▸ Directions for this task
From the records below, print exactly the lines starting at the one containing "Vaseline Lotion Intensive" and ending at the one containing "Силиконовый чехол Цветочный", ends included, and nothing else.

▸ Exercise data

※ ※ ※

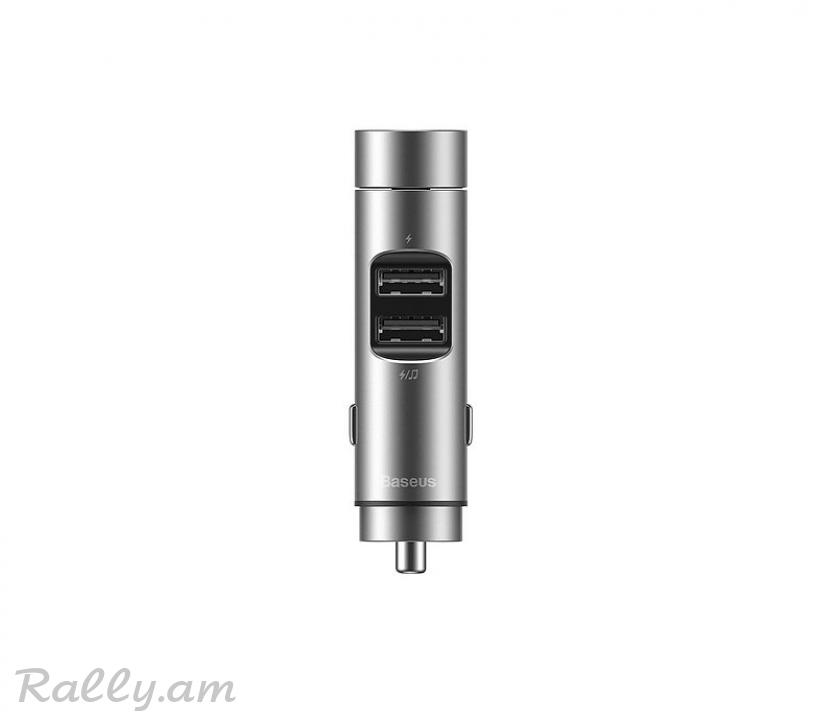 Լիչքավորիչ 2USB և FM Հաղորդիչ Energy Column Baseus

※ ※ ※

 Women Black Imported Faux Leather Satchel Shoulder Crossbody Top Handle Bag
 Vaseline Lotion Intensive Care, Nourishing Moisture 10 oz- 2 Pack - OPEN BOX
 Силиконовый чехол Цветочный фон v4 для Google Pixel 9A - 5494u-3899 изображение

※ ※ ※

▸ Worked solution
 Vaseline Lotion Intensive Care, Nourishing Moisture 10 oz- 2 Pack - OPEN BOX
 Силиконовый чехол Цветочный фон v4 для Google Pixel 9A - 5494u-3899 изображение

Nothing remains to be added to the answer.